Temps fort : L’Euro raboté—le Yuan secoué!

Durant 10 ans, la Chine a rejeté toute pression à la réévaluation, défendant sa parité à 6,83¥/1US$. Mais elle n’a pas pu empêcher, de janvier à mi-mai la hausse du ¥uan sur l’²uro de 14,5%, ce qui porte des nuages noirs dans son ciel.

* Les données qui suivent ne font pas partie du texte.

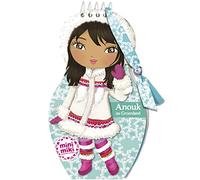 Minimiki - Carnet créatif - Anouk au Groenland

Le 17/05, la bourse de Shanghai chute de 5%, et de 21% depuis janvier. C’est la 25ème phase de repli depuis la création en 1990 de cette place en mal de stabilité.

Sur la scène de la jeune carte de crédit chinoise, qui comptait 2,17milliards d’unités en mars, la mauvaise dette (à 6 mois de retard) augmente de 14,4% au 1er trimestre (8,8MM¥), signe d’essoufflement de la capacité d’achat.

En avril, les tarifs de l’immobilier ne donnent pas signe de reculer face à l’arsenal de nouvelles mesures dissuasives : à Pékin, ils montent de 14,7%.

Autres nouvelles mitigées : l’explosion du cours des légumes (+44%), suite à l’hiver long et rigoureux. Idem, d’ici l’été, réagissant à un début de reprise, le minerai de fer importé augmentera de 30 à 50%. Les analystes en attendent une inflation de 3% en mai, succédant aux 2,8% d’avril. Mais ces 3% sont le plafond que le Conseil d’Etat avait fixé pour l’année : ils devraient le forcer à réagir, en rehaussant enfin les taux d’intérêt. Il s’en abstient encore, sous le lobbying des pouvoirs locaux (nécessitant l’immobilier pour se financer), de l’exportation (ayant besoin de prêts pour avancer les frais des commandes) et des grandes entreprises d’Etat. Pour compenser à l’avance les provinces pour ce crédit plus cher, Pékin leur alloue 2,45MM$ en aide au logement à bas prix.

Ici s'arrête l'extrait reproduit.